## Can an element be both boundary as well as limit point in a

Forum for the GRE subject test in mathematics.
mobius70
Posts: 19
Joined: Thu Jan 24, 2008 1:11 am

### Can an element be both boundary as well as limit point in a

Is it possible for an element in a topology to be both boundary as well as limit point for a set?

e.g.
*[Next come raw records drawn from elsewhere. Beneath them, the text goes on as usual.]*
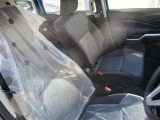 登録済未使用車ですので内装もキレイです♪ また、シートカバーの取付等も承っております。お気軽にご相談ください♪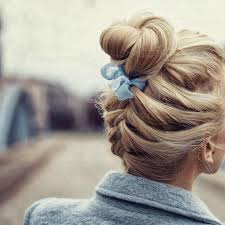 It is the perfect hairstyle to make when you are heading out in a jiffy, yet you want to stand out from the crowd! Holiday Hair Ribbons And Bows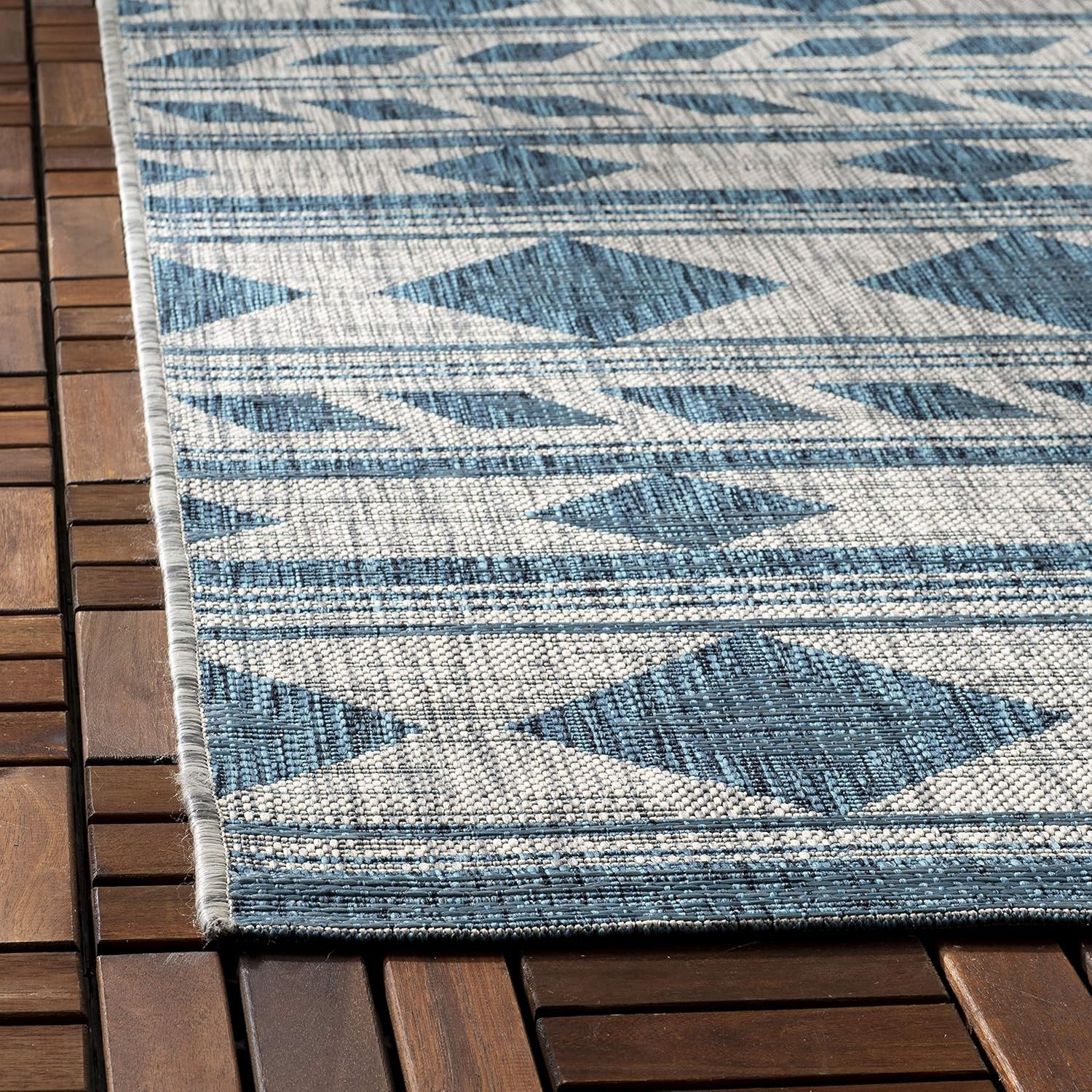 SAFAVIEH Washable Rug Outdoor Courtyard Collection – 6’7″ X 9’6″, Navy & Aqua Bl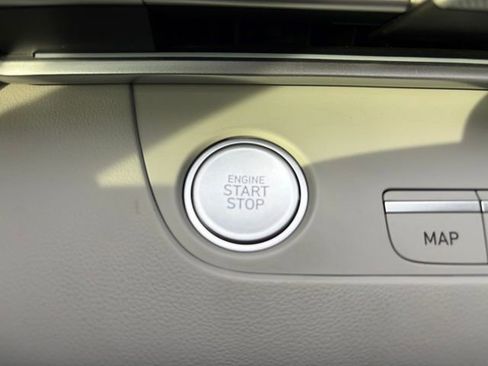 Used 2025 Hyundai Elantra Limited w/ Cargo Package image 4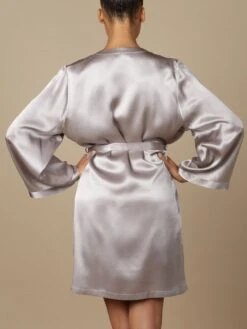 100% Seide Morgenmantel SOIE LASER Uni Von Marjolaine -TraumMode Verkäufe seide morgenmantel laser silber soie unie marjolaine 2 8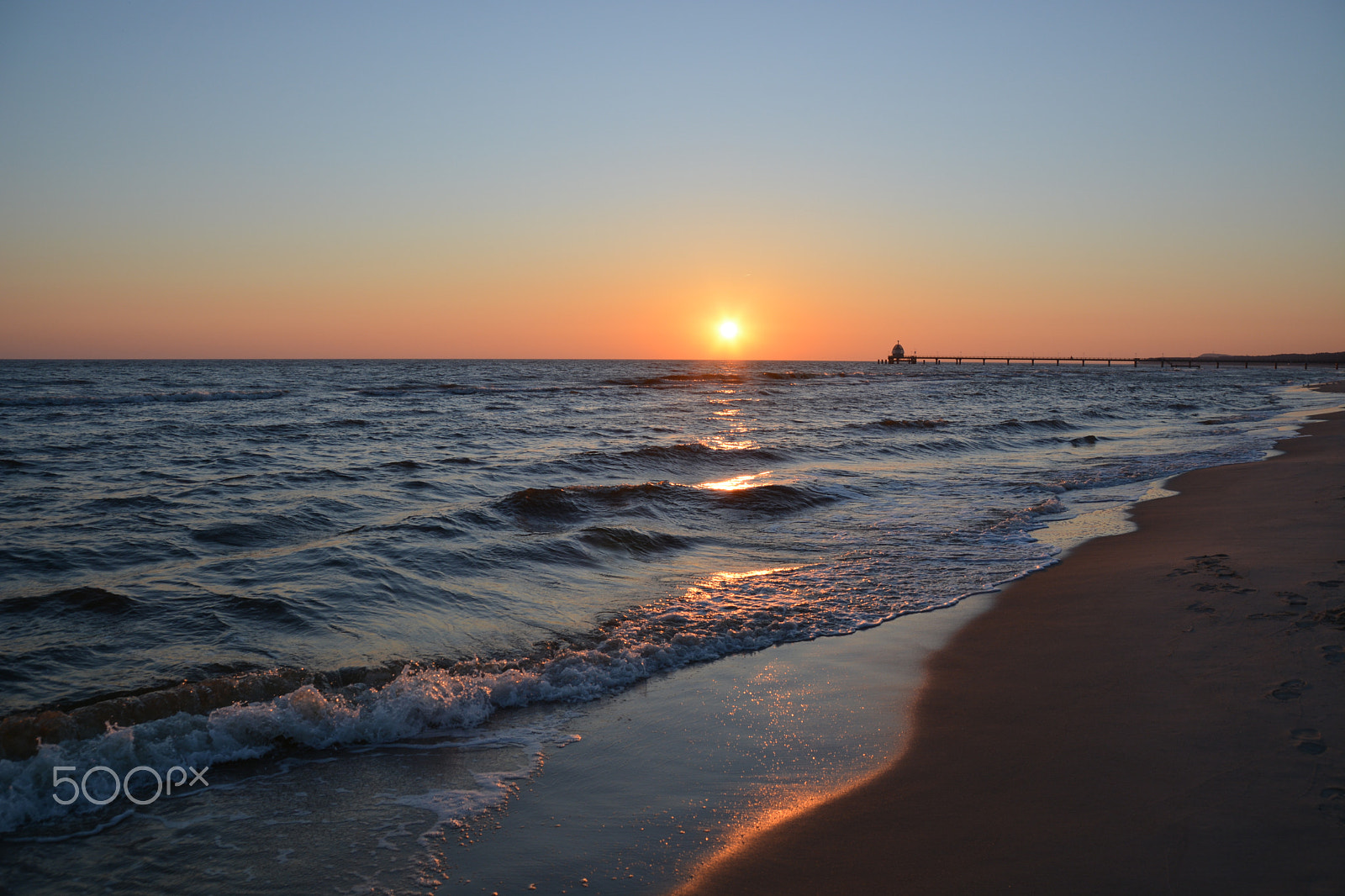 Sigma 18-250mm F3.5-6.3 DC Macro OS HSM sample photo. Sunrise at the baltic sea photography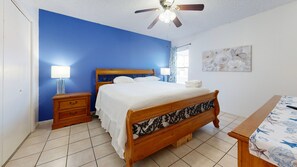 2 bedrooms, internet - Beach Access Across the Street, Shared Heated Pool (Corpus Christi)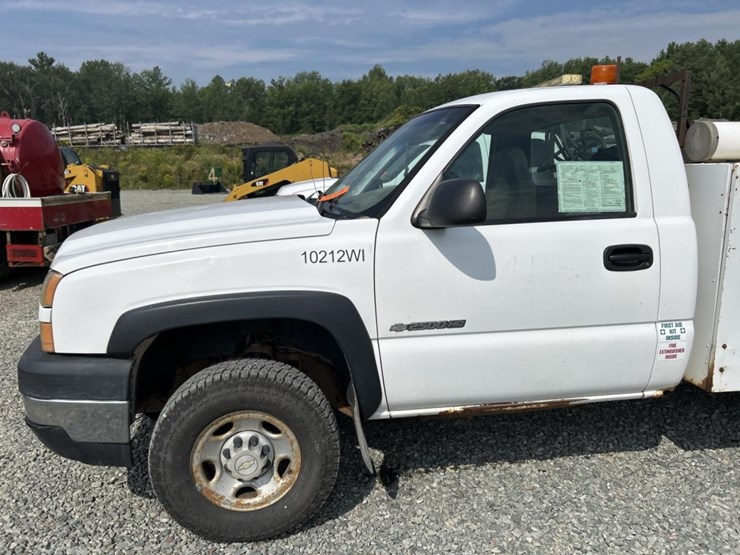 2006-chevrolet-2500hd-image-9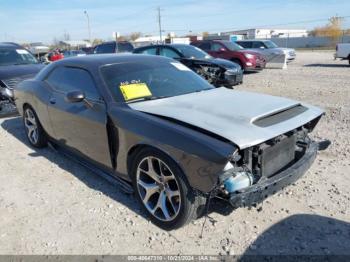  Salvage Dodge Challenger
S = {1,2,3}

Let us say 0 is null set then
T = {0, {1,2},{3},S} defines a toplogy on it.

Let is say A={1,3}

Can I have a case where a particular element of A is both limit point as well as boundary point of A.

TAKE THE CASE GIVEN ABOVE AS AN EXAMPLE ONLY.

lime
Posts: 129
Joined: Tue Dec 04, 2007 2:11 am
Of course it's possible!
But before let's just in case go back and remember what actually boundary and limit point are.

The boundary of A, bd(A) is the set of all s in S such that every open set containing s intersects both A and complement of A.
A point s in S is called limit point of A if every open set that contains s also contains at least one point of A other than s.

So let's consider simple example with the set of real numbers with its standard topology. Let A be the interval (0,1). In this case we have
bd(A) = {0,1}
A' = [0,1].
Here A' - derived set- the set of all the limit points of A.
Therefore two elements of A, numbers 0 and 1 are both boundary and limit points.

so it is not really felicitous example.